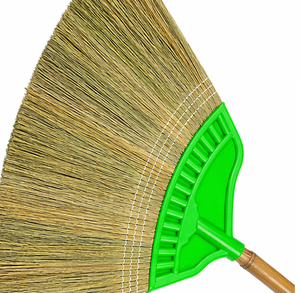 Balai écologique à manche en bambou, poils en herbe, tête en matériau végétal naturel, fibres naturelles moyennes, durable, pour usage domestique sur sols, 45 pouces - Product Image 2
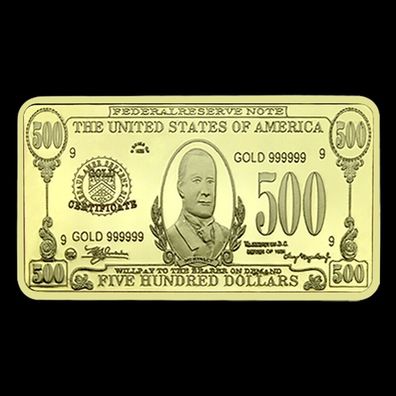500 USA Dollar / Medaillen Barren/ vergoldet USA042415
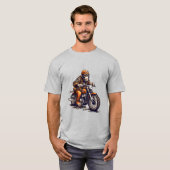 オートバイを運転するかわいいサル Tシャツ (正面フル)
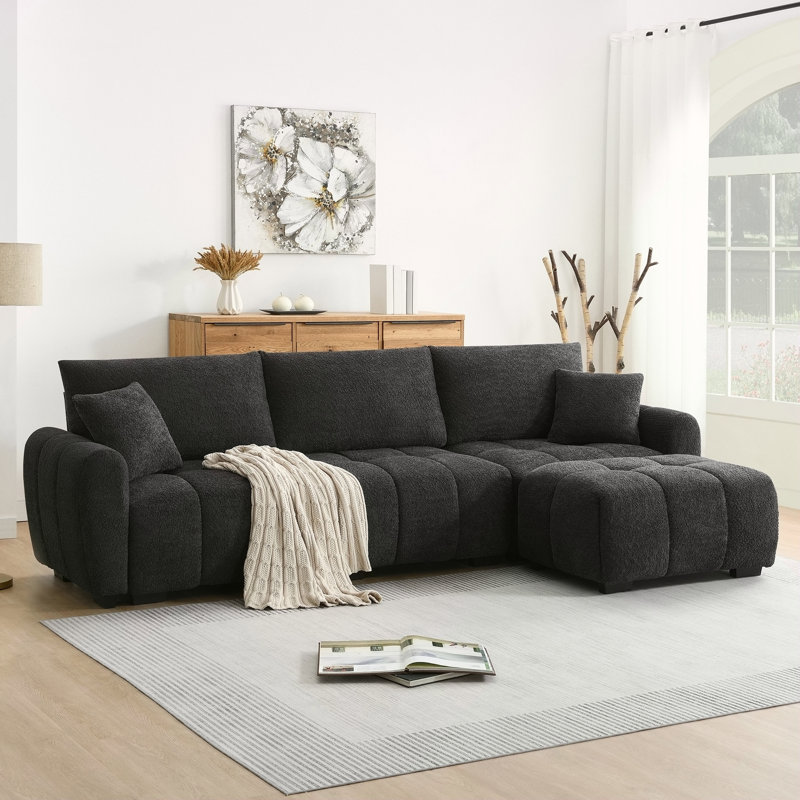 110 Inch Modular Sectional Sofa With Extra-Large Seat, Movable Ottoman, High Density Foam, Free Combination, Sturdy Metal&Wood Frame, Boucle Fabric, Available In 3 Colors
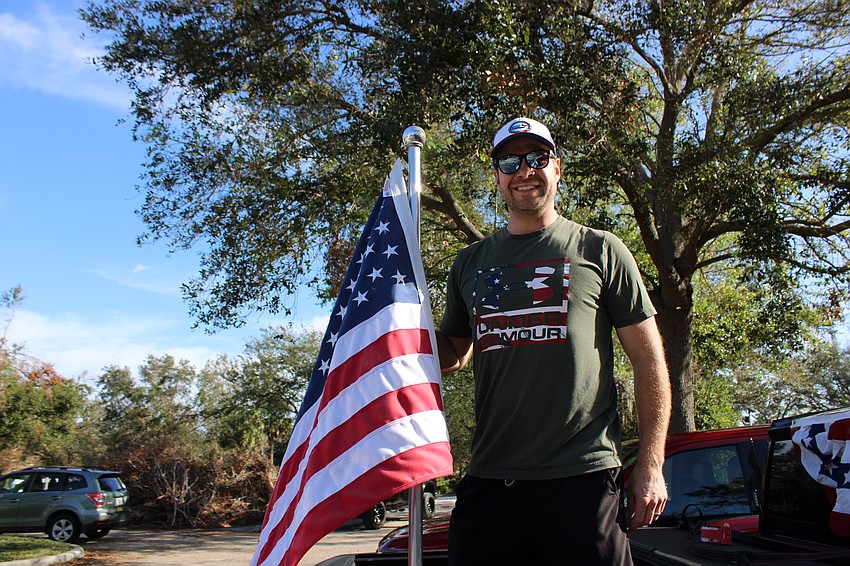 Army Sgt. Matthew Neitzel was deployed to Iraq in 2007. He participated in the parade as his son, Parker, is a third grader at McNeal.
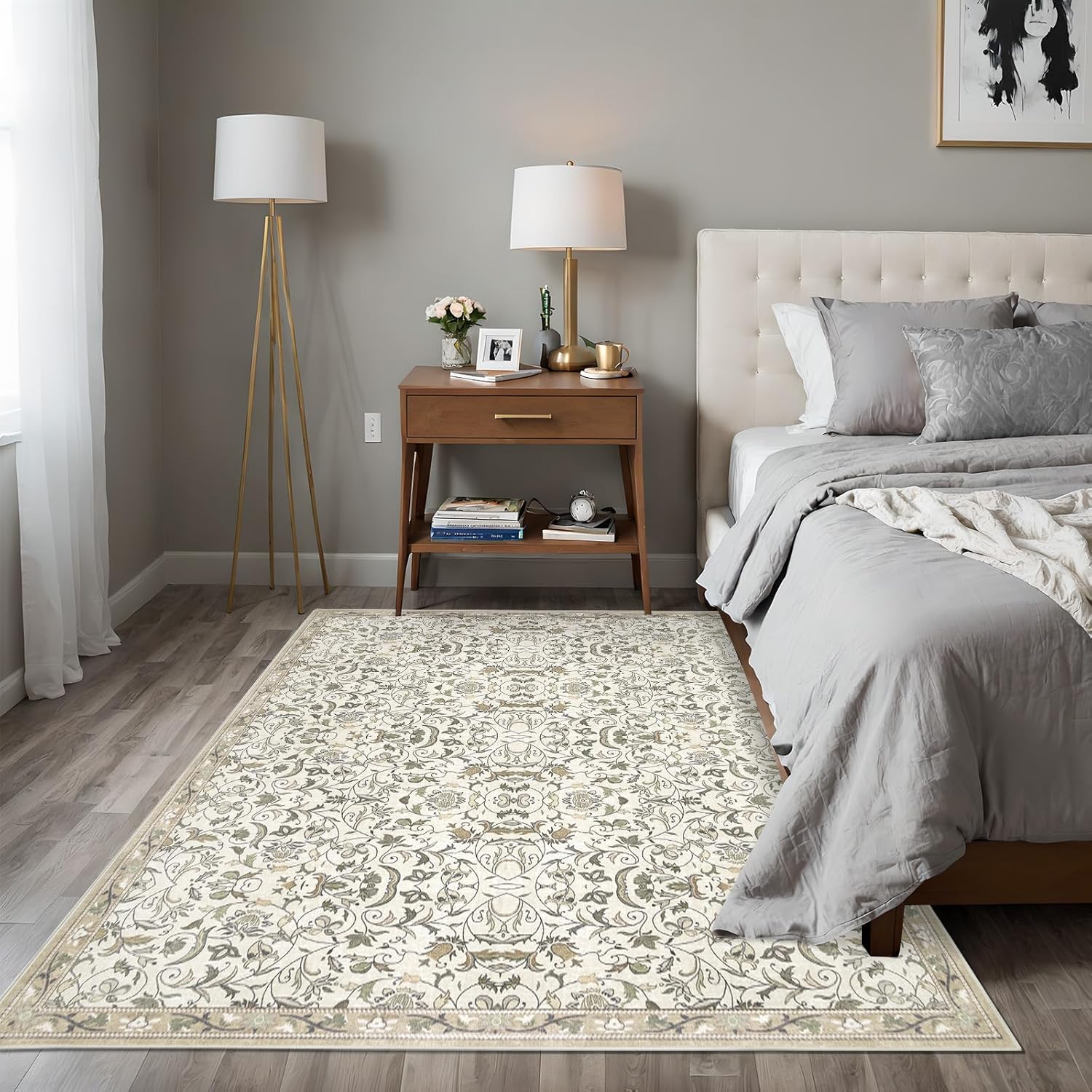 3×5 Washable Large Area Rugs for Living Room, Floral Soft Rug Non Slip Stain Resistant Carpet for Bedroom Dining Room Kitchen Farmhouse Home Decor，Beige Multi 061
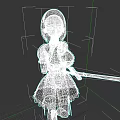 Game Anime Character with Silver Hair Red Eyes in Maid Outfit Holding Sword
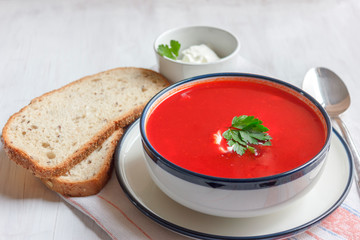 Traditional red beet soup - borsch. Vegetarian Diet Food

==

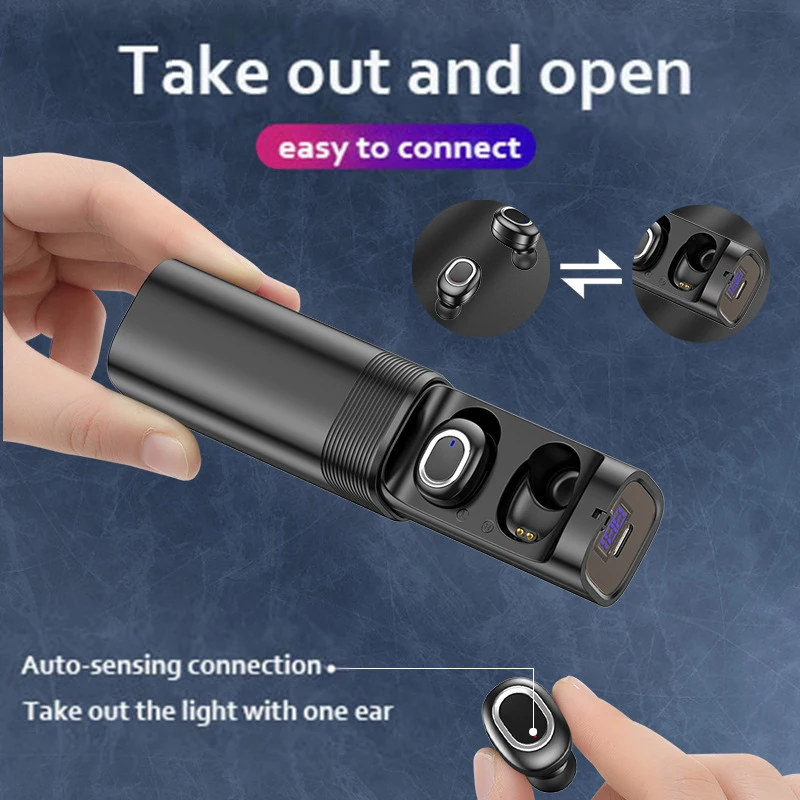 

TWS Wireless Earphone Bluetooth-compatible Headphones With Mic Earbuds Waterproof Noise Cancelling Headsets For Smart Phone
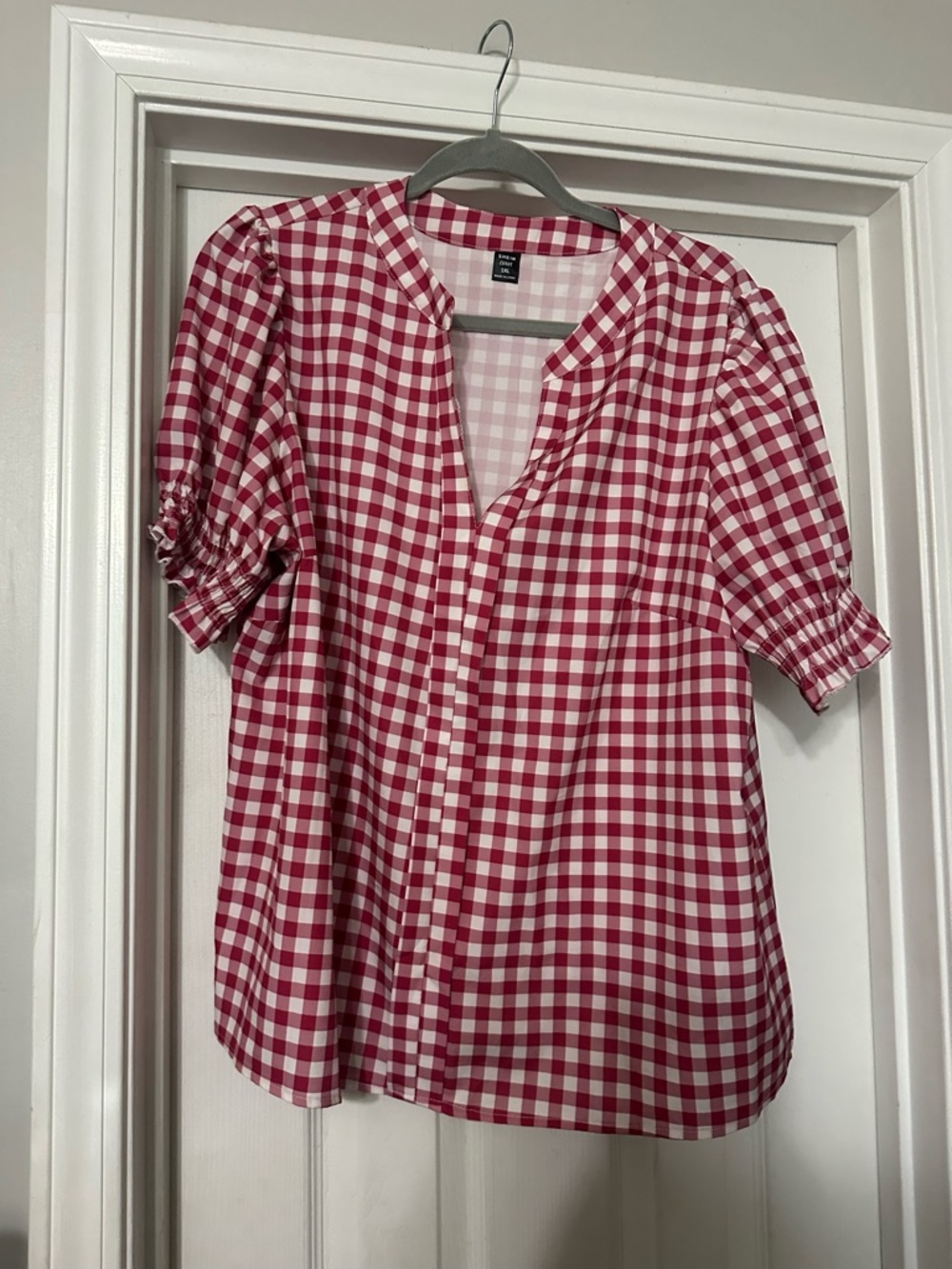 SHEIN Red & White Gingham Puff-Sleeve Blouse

The problem: Find where the line with "TWS Wireless Earphone" sits in the material above and where the line with "SHEIN Red & White Gingham Puff-Sleeve Blouse" sits. Set down exactly the lines from the first to the second, both included and nothing else, without pictures.

Solved exercise:
TWS Wireless Earphone Bluetooth-compatible Headphones With Mic Earbuds Waterproof Noise Cancelling Headsets For Smart Phone
 SHEIN Red & White Gingham Puff-Sleeve Blouse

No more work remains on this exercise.